After a days-long siege, Syrian troops backed by tanks and helicopter gunships seized control early yesterday of another northwestern town, activists reported, as fresh accounts emerged of indiscriminate killing and summary executions in the Damascus regime’s suppression of a pro-democracy movement.
Elsewhere in Syria, thousands of people took to the streets again after the opposition called for a day of massive demonstrations, pressing on with their three-month-old campaign to topple Syrian President Bashar al-Assad.
Troops in large numbers poured into Maaret al-Numan, 45km from the Turkish border, Syria-based rights activist Mustafa Osso said. He said other forces were now massing around Khan Sheikhon, to the south, where gunmen attacked army forces earlier this month.
Photo: Reuters
Omar Idilbi of the Local Coordination Committees (LCC), which is documenting the protests, said government forces had taken full control of Maaret al-Numan, a town of 100,000 on the highway linking Damascus with Syria’s second-largest city, Aleppo. Many of its residents had fled as troops swept through Idlib Governorate in recent days.
The deployment marks a continuation of military operations against centers of protest in the northern province, where forces have targeted Ariha, Maaret al-Numan, Jisr al-Shughur and its surroundings.
Witnesses said at the Turkish-Syrian border that Shughur al--Kadima was one of the villages that came under attack on Thursday.
“The army came ... with tanks and positioned snipers in the area. They started shooting at anyone,” said Abu Nuuar, a driver from Shughur al-Kadima.
“We left with nothing, absolutely nothing. We just took some clothes for the children,” said 32-year-old Abu Ahmed, declining to give his surname.
He arrived at the border from Shughur al-Kadima with his six children, wife and sister’s family after a dawn army crackdown.
“The army shot randomly with tanks and light weaponry. We walked through mountains and valleys and arrived here,” he said from across the border as his children gathered around him.
Meanwhile yesterday, about 2,000 protesters marched in the northeast towns of Amouda and Qamishli shortly after Friday prayers ended, chanting for the regime’s downfall, the LCC said.
Turkish Foreign Minister Ahmet Davutoglu said Ankara would supply humanitarian aid to thousands of Syrian refugees fleeing the violence.
“There are at present more than 10,000 people just over our border, on the other side of the barbed wire,” he told journalists.
“We have decided to help our Syrian brothers to meet their urgent needs for food,” Davutoglu said a day after visiting refugee camps set up by the Red Crescent in Hatay Province, adding the Syrian authorities had been informed.
In what is seen as an attempt by the authorities to defuse some of the anti-government anger, telecoms tycoon Rami Makhluf, Assad’s cousin who is on a list of 13 Syrians facing EU sanctions, said he would allocate profits from his businesses to charity.

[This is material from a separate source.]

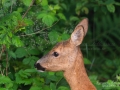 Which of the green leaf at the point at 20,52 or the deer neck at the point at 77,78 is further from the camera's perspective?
the green leaf at the point at 20,52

“Profits from the shares I own in Syriatel will be allocated to charity, humanitarian work and development projects” for people across Syria, Makhluf said in a statement obtained by AFP.
The statement said Makhluf owns 40 percent of Syriatel, the country’s largest mobile phone operator.
“I will not engage in any new projects that can generate personal gain and I will devote myself to charity and humanitarian work,” Makhluf said in the statement.
He said he took this decision because he no longer wants “to be a burden on Syria, its people and its president from now on.”
Makhluf is widely despised by opponents for allegedly exploiting his relationship with the president to build his commercial empire, including Syriatel.
The Syrian Observatory for Human Rights on Tuesday said the violence has claimed the lives of 1,297 civilians and 340 security force members since it began in mid-March.
Washington again urged on Thursday an end to the “revolting” crackdown and said it stepped up contacts with Syrians who seek political change, and working with its allies to isolate the regime.
“We are also beginning now to increase our own contacts with those brave Syrians who stand for change and their universal rights, those inside Syria and those outside Syria,” US Department of State spokeswoman Victoria Nuland said.